The Fed's reduction in its target rate, to 4.75%, is raising a few warnings about impending inflation; as usual, though, the experts disagree. The dollar's downward slide continues, and that could be an inflation signal—but much of the drop is due to the strong euro, and instead of signalling dollar inflation, the strengthening euro might instead induce the European central bank to drop their interest rate. We'll see.
Here's the latest dollar chart.


The price of gold used to be a harbinger of inflation and it has been on a fairly steep rise the last seven years though inflation has been muted during that time.
In this new world of global supply and demand does anyone have a good idea how to measure inflation?
Posted by: Bob | 24 September 2007 at 07:57
Bob, Steve has commented on this in the past also, but you can compare the yields of regular US treasury bonds versus their inflation-indexed equivalents.
See:
http://www.bloomberg.com/markets/rates/index.html
Compare similar maturities in the "Notes/Bonds" section versus the "Inflation Indexed Treasuries" section below that. The difference in yield pretty much indicates expected inflation during that time frame, as judged by the bond market.
Personally I think that's the best estimate of future inflation that's humanly possible today.
Posted by: Kevin | 24 September 2007 at 12:13
Brian Wesbury doesn't put as much faith in the TIPS spread as others do. Here's his article explaining why: http://tinyurl.com/2qazhl
It will take 6-9 months to see how it plays out. I think a lot of the disagreement results from the difference between commodity vs asset price inflation/deflation.
Posted by: Steve | 24 September 2007 at 13:30
Steve,
Brian Wesbury doesn't seem to think the Fed should have cut rates at all. Is this something you and him differ on?
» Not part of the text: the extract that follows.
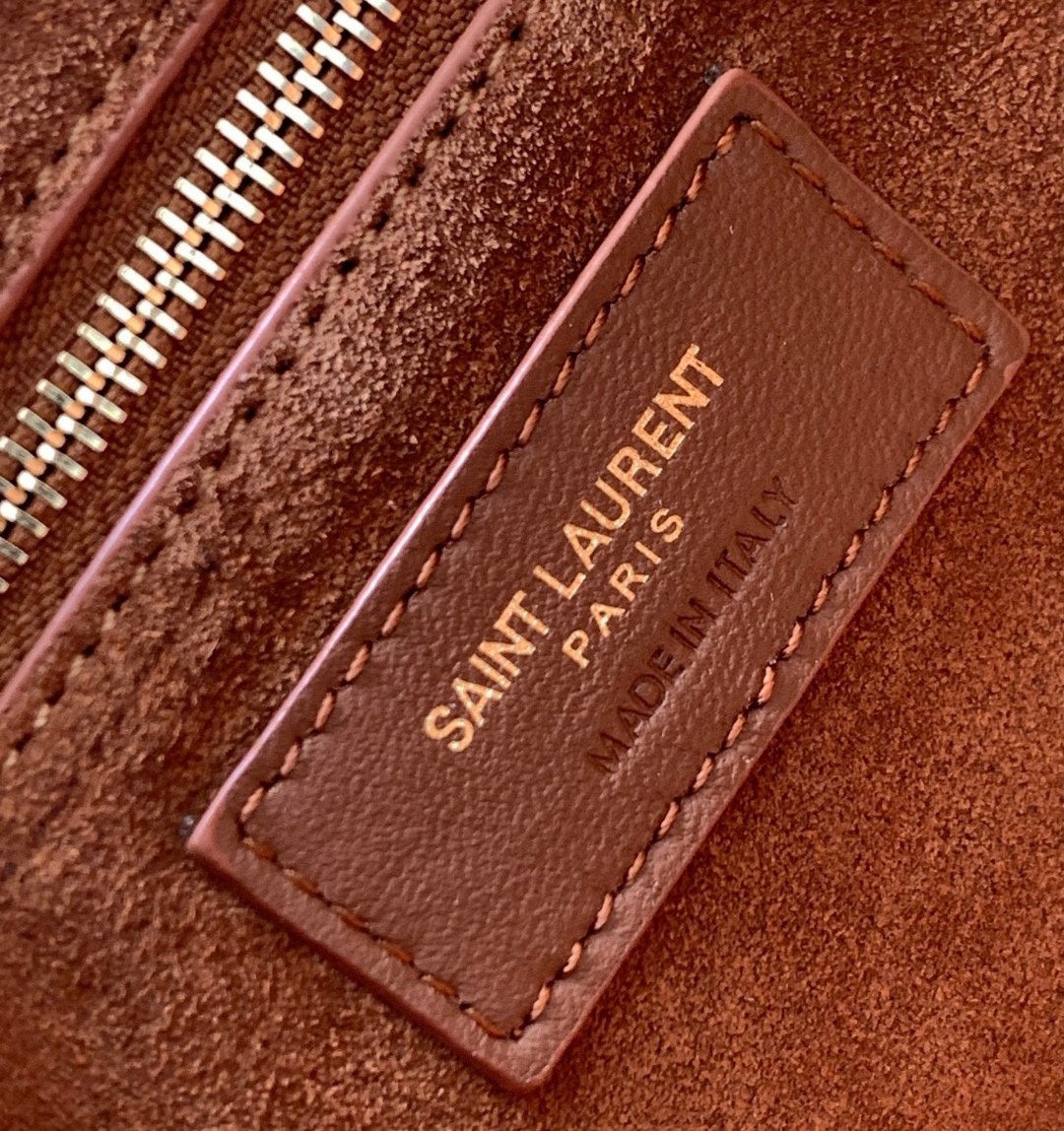 LE 5 À 7 バッグ 24 ブラック カーフスキン ホーボー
If I'm not mistaken, you think the 50bp cut wasn't a bad decision.
Posted by: Mike H | 24 September 2007 at 15:40
Hi Mike,
Mark asked that same question a few weeks ago; see my response to that in the comments below the following article: http://tinyurl.com/323y5g
Posted by: Steve | 24 September 2007 at 15:54
Kevin,
I'm no economics or bond market expert though I'm not sure that the bond market, with all it's speculation, is the barometer I'm most comfortable with regarding inflation.
I'm thinking along the lines of commodity as to asset inflation when inflation is the subject. However, the latter could experience some deflation if one considers housing as the most common asset. Regarding the former, given global supply and demand, I'm still at odds at how the Fed can wrap its' arms around all of it.
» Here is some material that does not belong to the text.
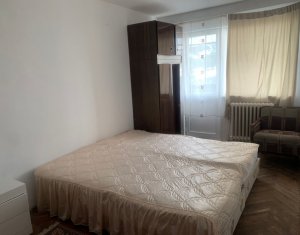 Lakás 4 szobák kiadó on Cluj-napoca, Zóna Manastur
Posted by: Bob | 24 September 2007 at 16:05
Heh, I don't think anyone's claiming TIPS spreads will necessarily prove over time to be ACCURATE -- it's just likely to be more consistently reliable than any other opinion or method. But of course time will tell.
Now if in time it the spreads prove to be systematically wrong in one direction and someone can explain why, that would be very interesting reading.
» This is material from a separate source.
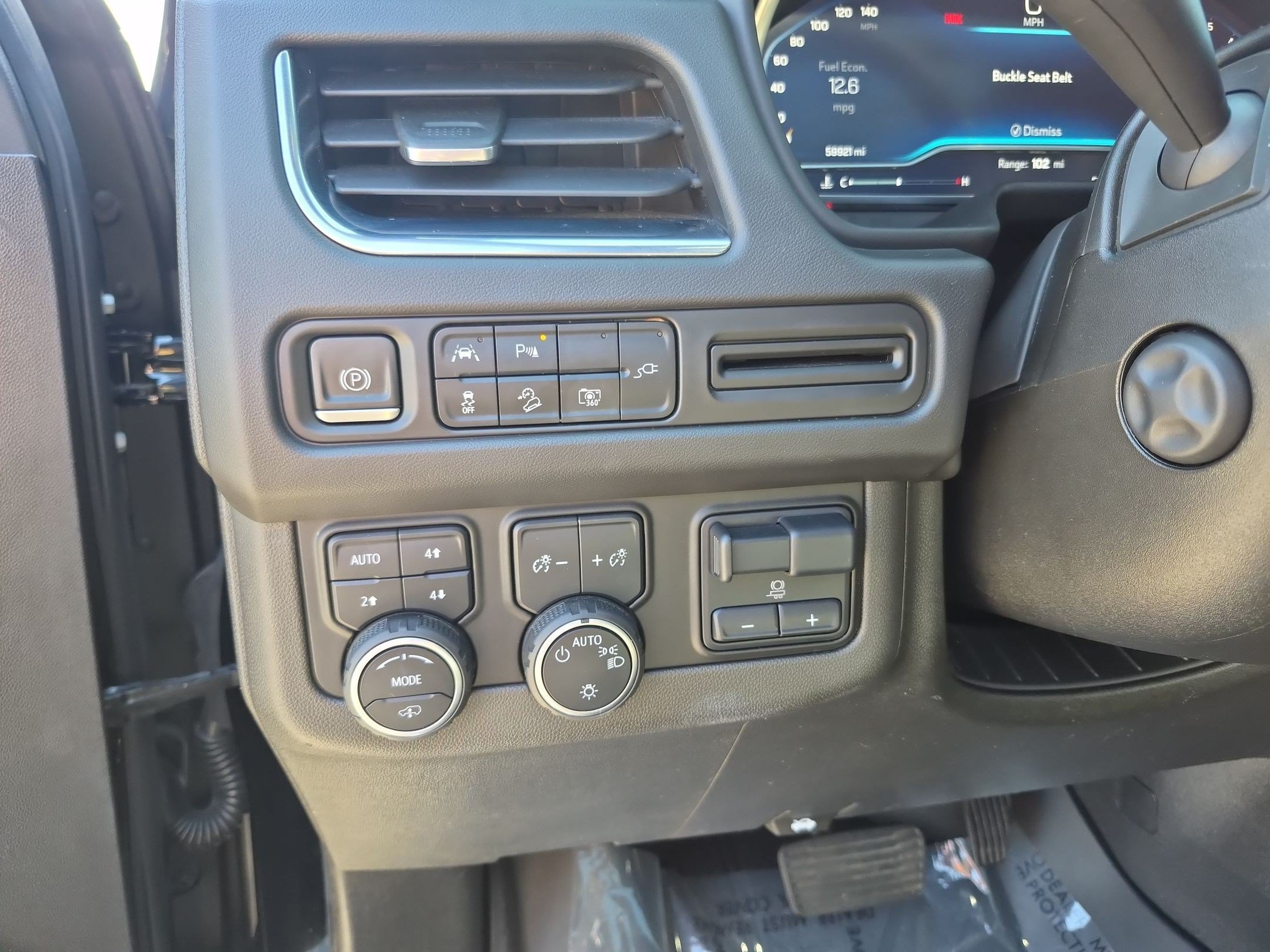 Used 2022 Chevrolet Suburban Z71 w/ Off-Road Capability Package AWD/4WD image 18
Incidentally, I have a hypothesis that much of the "falling dollar" can be explained by changing inflation expectations over a 30 year horizon for the dollar versus the other currencies. But lord knows I'm not actually going to bother to research that.
Posted by: Kevin | 24 September 2007 at 17:31
All the Fed has to do is drop .50, more, and get out of the way. Bimini would be nice.
Look, the "dollar" is ALL oil. We'll soon be shipping $1 BILLION/DAY offshore for oil. The currency can't sustain that without eventually falling.
Look at which currencies have been rising, or falling, against who. Match it up to who exports oil, imports oil, and how much. It's stone-cold "Perfect."